- Born: 26 April 1854 Bournemouth
- Died: 7 September 1937 (aged 83)
- Allegiance: United Kingdom
- Branch: Royal Navy
- Rank: Admiral
- Commands: HMS Defiance, HMS Royal Arthur, Commodore-in-Charge, Hong Kong

= Charles Gauntlett Dicken =

Royal Navy admiral (1854–1937)

Admiral Charles Gauntlett Dicken (26 April 1854 – 7 September 1937) was a Royal Navy officer. Serving during the late Victorian and Edwardian periods, he took part in the Anglo-Egyptian War, held appointments at the Admiralty, commanded the protected cruiser HMS Royal Arthur, and served as Commodore-in-Charge, Hong Kong during the Russo-Japanese War before retiring from active service in 1908.

==Early life==
Dicken was born on 26 April 1854 at Westover Villas, Bournemouth. He was the youngest son of the Reverend Alldersey Dicken (1794–1879) and Caroline Mary Huddleston. The family later lived at Norton Rectory near Bury St Edmunds, Suffolk.

He was educated at Ipswich Grammar School before preparing for entry into the Royal Navy at Bell and Johnson's Academy in Southsea. After passing the naval entrance examination at Portsmouth on 10 December 1867, he entered the Royal Navy as a naval cadet aboard HMS Britannia in January 1868. He passed the examinations required for promotion to midshipman in April 1869.

==Naval career==

===Early service===
Dicken's first major deployment came in 1869 when he joined the Flying Squadron, commanded by Rear-Admiral Geoffrey Thomas Phipps Hornby. He sailed from Plymouth aboard HMS Bristol and later transferred at Bahia, Brazil, to HMS Phoebe (1854). The squadron returned to Britain in November 1870 after a long-distance training cruise intended to demonstrate British naval power overseas. Dicken later recorded the voyage in his memoirs.

After returning to Britain, Dicken served aboard HMS Monarch with the Channel Fleet. He subsequently joined HMS Lord Clyde and HMS Lord Warden in the Mediterranean Fleet. He later served on the China Station, including appointments aboard HMS Audacious and other vessels. He was promoted to lieutenant on 8 May 1877.

===Anglo-Egyptian War===
Dicken served aboard HMS Invincible during the period of the Russo-Turkish War (1877–1878).

In 1882 he joined HMS Alexandra as torpedo officer. The ship, flagship of the Mediterranean Fleet, took part in the Bombardment of Alexandria on 11 July 1882 during the Anglo-Egyptian War.

For his service during the campaign, Dicken received the Egypt Medal with the Alexandria clasp and the Khedive's Star.

===Promotion and staff appointments===
Between 1889 and 1893, Dicken served as second-in-command of HMS Australia. During this period, he participated in the International Naval Review at New York City in 1893.

Dicken was promoted to captain with effect from 1 January 1894. In 1895 he became Assistant Director of the Naval Intelligence Division at the Admiralty.
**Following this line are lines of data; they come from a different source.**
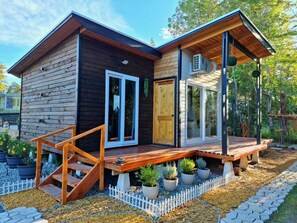 A modern wooden cabin with a wooden deck, a sliding glass door, and a small porch area.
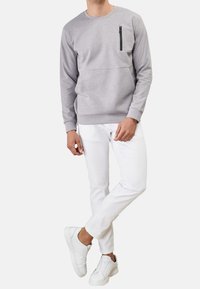 Uomo che indossa una felpa a maniche lunghe grigio chiaro con una tasca con zip nera, pantaloni bianchi e sneakers bianche, in piedi con le gambe incrociate.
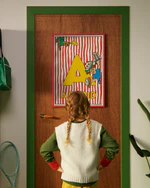 Pippi Longstocking poster featuring the letter A hanging on a door, with a child curiously looking at the artwork.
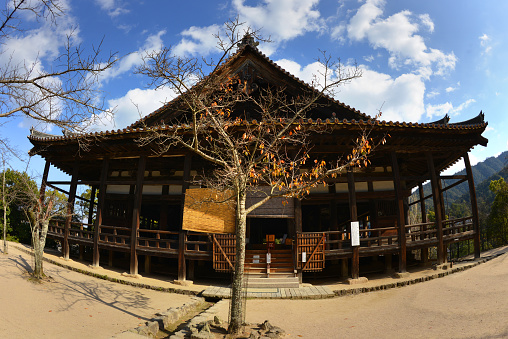 Senjokaku (Toyokuni Shrine) on a sunny autumn day on the Island of Itsukushima. It is an island in the western part of the Inland Sea of Japan, located in the northwest of Hiroshima Bay. It is popularly known as Miyajima (宮島), which in Japanese means \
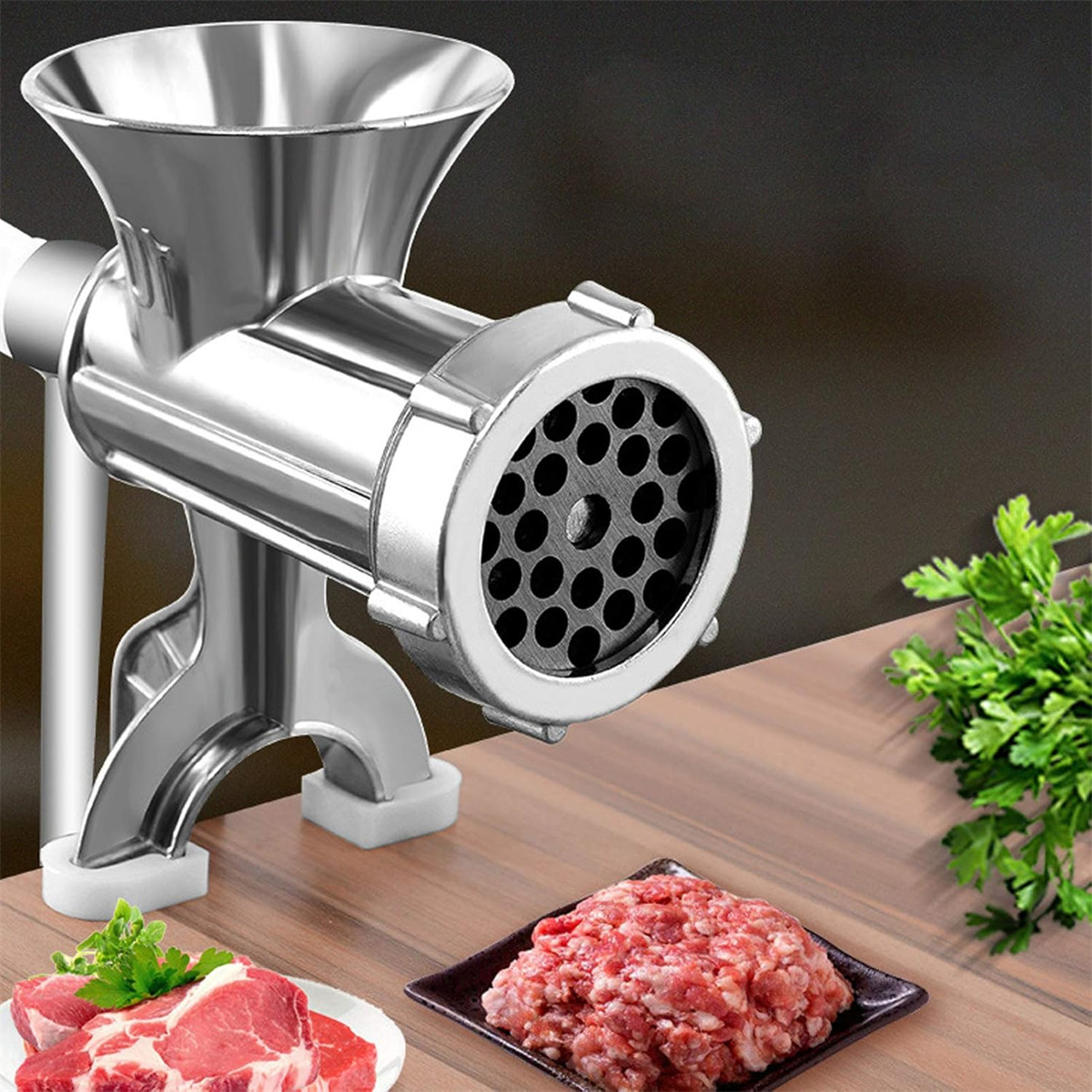 Fleischwolf, mit Hackfleisch und Fleischstücken sowie Petersilie auf einer Holzoberfläche.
During this period he was offered command of the battleships HMS Hannibal and HMS Bulwark, although neither appointment was taken up.

===HMS Royal Arthur and overseas service===
From November 1897 until April 1901, Dicken commanded HMS Royal Arthur, a protected cruiser serving on the China Station.

During this period, HMS Royal Arthur also served on the Australia Station, where Dicken undertook official duties connected with the Royal Navy's presence in the region.

===Hong Kong command===
Dicken was appointed Commodore-in-Charge, Hong Kong in October 1903, based at HMS Tamar.

His appointment coincided with the Russo-Japanese War (1904–1905), when Hong Kong served as an important Royal Navy base in East Asia. He was promoted to rear admiral in July 1905 and returned to Britain later that year.

==Retirement and later life==
Dicken was placed on the retired list as a rear admiral in 1908. He was later promoted to vice-admiral and admiral on the retired list.

During retirement, Dicken lived chiefly in Winchester, where he remained active in civic and charitable affairs, including work connected with Scouting, the Royal British Legion, and the Royal Hampshire County Hospital.

==Family==
One of Dicken's brothers, Frederick Rowland Dicken, also served in the Royal Navy and later reached the rank of captain.

Dicken married Margaret Christiena Cornish on 14 October 1880. Following her death in 1888, he married Ada Mary Byron on 9 June 1894.

Several of his sons followed naval careers. His son Edward Bernard Cornish Dicken became a Royal Navy rear admiral, was appointed Commander of the Order of the British Empire, and received the Distinguished Service Cross.

Another son, John Aldersey Dicken, served in the Royal Navy and retired as a lieutenant commander.

==Death==
Charles Gauntlett Dicken died on 7 September 1937 at the age of 83.